I understand the kind of thoughts that go through your mind, but it is amazing what surgery can do and how adaptive we can be. Be a positive influence over the coming months.
If meditation isn't helping, perhaps journal your thoughts and fears for your son, sometimes writing it down takes the power from the thoughts. And look on line for positive stories of people who have recovered from other similar injuries. Be strong for your son Barb, and we will be strong for you. X

HelenofTroy 08-10-2017 05:07 AM

Good morning folks.

Well I finally did it. I know I've talked about getting rid of all my wine making equipment a number of times, but it finally all went yesterday. I took it all to my mom's (who is a very responsible drinker) and got it set up for her with one of the kits I had on hand. It was a little bit bittersweet. On the one hand it felt good to get it out of the house. But it felt so final, and that felt both great and awful at the same time. I just have to get all my empty wine bottles over there and then it is done. I now have a free work station in my basement for other obsessions - I mean hobbies! lol

Wishing you all a wonderful day.

SomeSortOfHuman 08-10-2017 07:30 AM

Oh Barbs - I'm so sorry. I can't imagine what it must be like to know that your own son has gone through something like that. Wishing you both all the best. Does he live a long way away, or will you be able to visit him in person? Completely understand the urge to return to old destructive habits - but it's really good that you've recognised that for what it is!

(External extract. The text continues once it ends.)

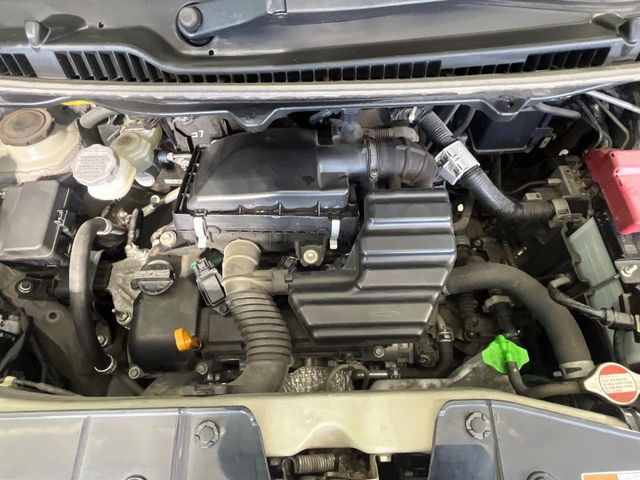 親切・丁寧な専門メカニックスタッフが応対!・車検・点検整備・事故等の修理などアフターサービスも安心。お車のカスタマイズもネクステージのサービススタッフまでご相談ください!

Helen - wow! The wine factory is no more! Hopefully as the days pass it will start to feel like a liberation. Must've been strange to see the equipment there every day.

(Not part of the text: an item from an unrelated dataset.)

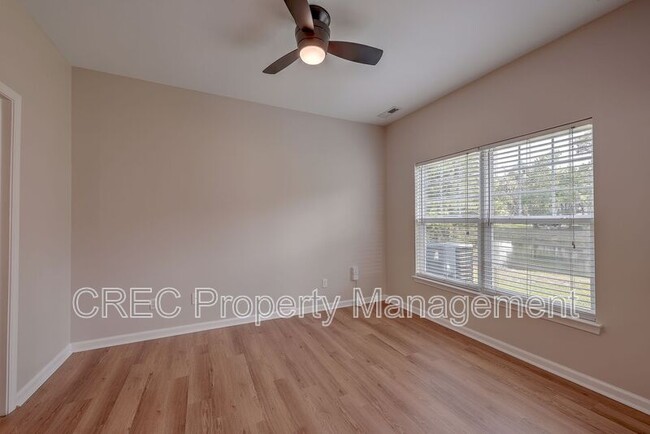 Building Photo - 184 Grand Oaks Dr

Hope you're all doing well. I'm inching ever closer to the one year mark, which feels strange - especially because my pregnancy makes me feel like I'm "cheating" a bit, as it effectively takes alcohol off the table for me. I wonder - if I wasn't pregnant - if I would be feeling strong urges to drink again. I'm certainly feeling like I'm counting sober days again, rather than weeks passing without thinking about it. Perhaps that's just because the year mark is approaching - it's made me think a lot about what I was doing this time last year. For most of August, I would wake up hungover and determined not to drink, then by mid-afternoon I'd be thinking "maybe", by late afternoon I'd be planning the specific drink I was going to have and by the early evening I'd be on my way to drunk. And repeat. It's a relief to be free of it - it was exhausting!